* [PROBLEM TO SOLVE]: Return exactly the run of lines that begins at the line containing "Hp Fly Bologna 호텔 칼더라라디레노" and ends at the last line of the material below; pictures stay out.
INPUT RECORDS below:
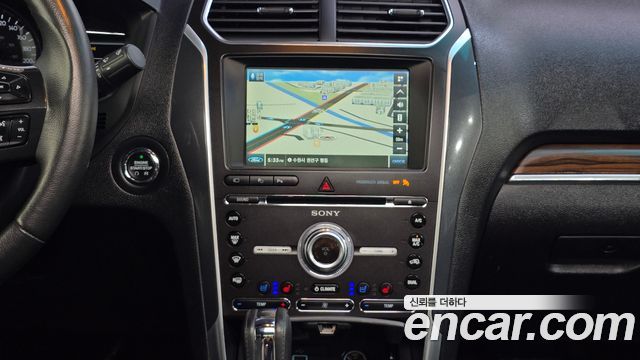 Ford Explorer 2016 — photo 14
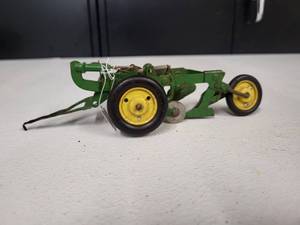 lot 119 image: John Deere 2 Bottom Plow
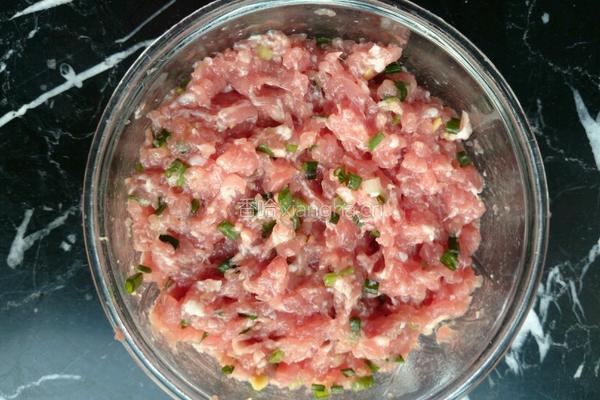 糯米猪肉水晶丸的做法图解6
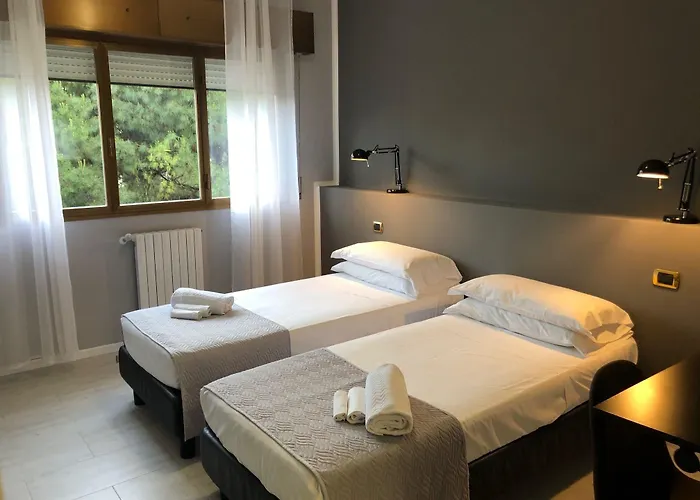 Hp Fly Bologna 호텔 칼더라라디레노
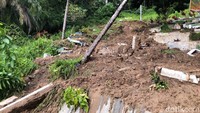 Lokasi yang diduga masi ada mayat yang tertimbun material longsor.  (M Afdal Afrianto/detikSumut)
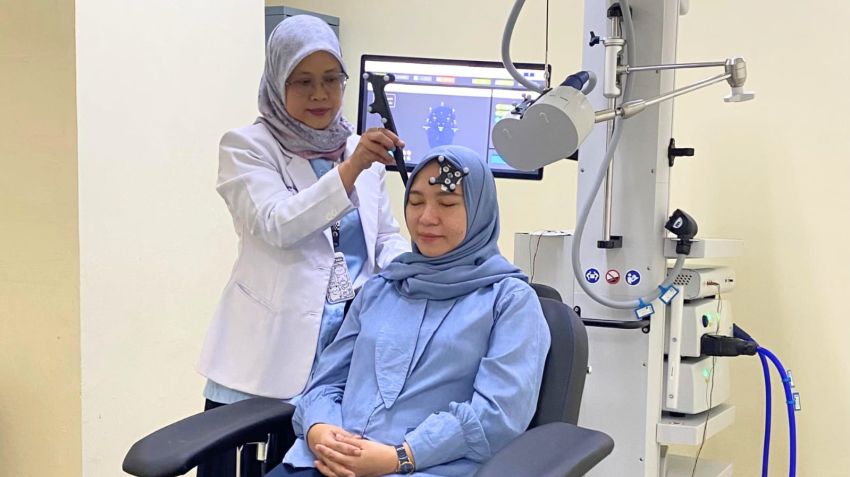 RS Adam Malik Hadirkan Teknologi TMS untuk Pasien Stroke dan Depresi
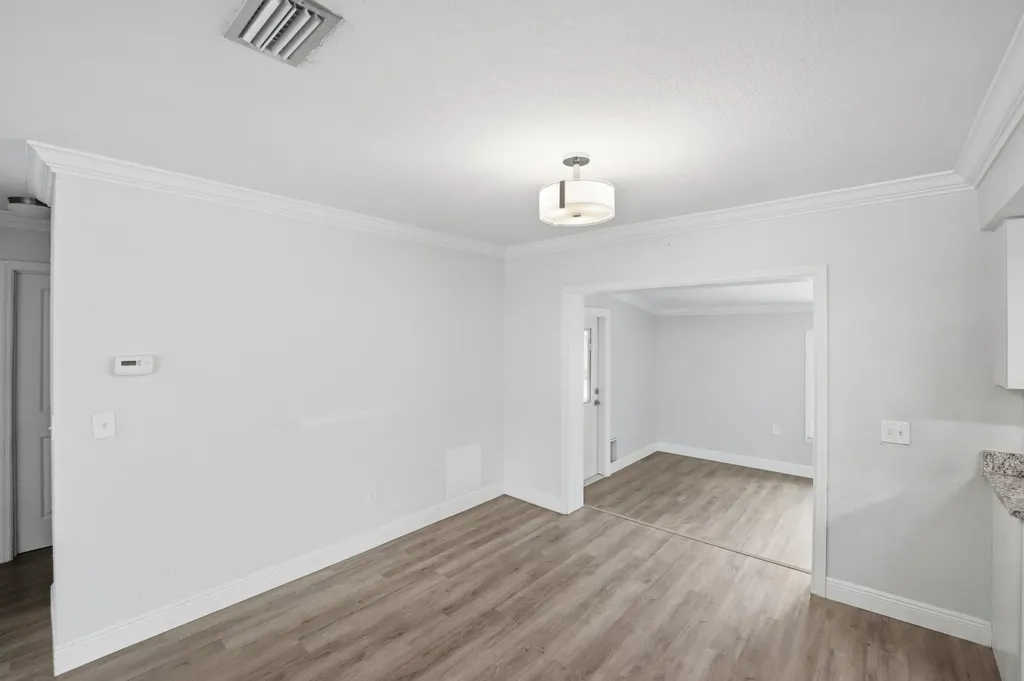 1956 SW 1st Place SW Vero Beach FL 32962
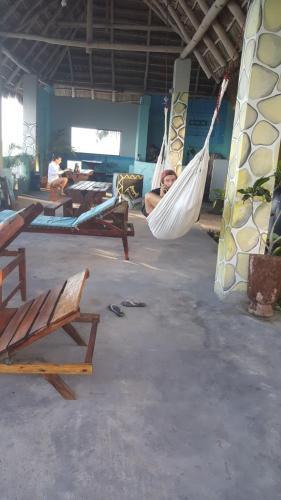 Lodge Dolphin Dhow Safaris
End of INPUT RECORDS.
* [RESPONSE AREA]:
 Hp Fly Bologna 호텔 칼더라라디레노
 Lokasi yang diduga masi ada mayat yang tertimbun material longsor.  (M Afdal Afrianto/detikSumut)
 RS Adam Malik Hadirkan Teknologi TMS untuk Pasien Stroke dan Depresi
 1956 SW 1st Place SW Vero Beach FL 32962
 Lodge Dolphin Dhow Safaris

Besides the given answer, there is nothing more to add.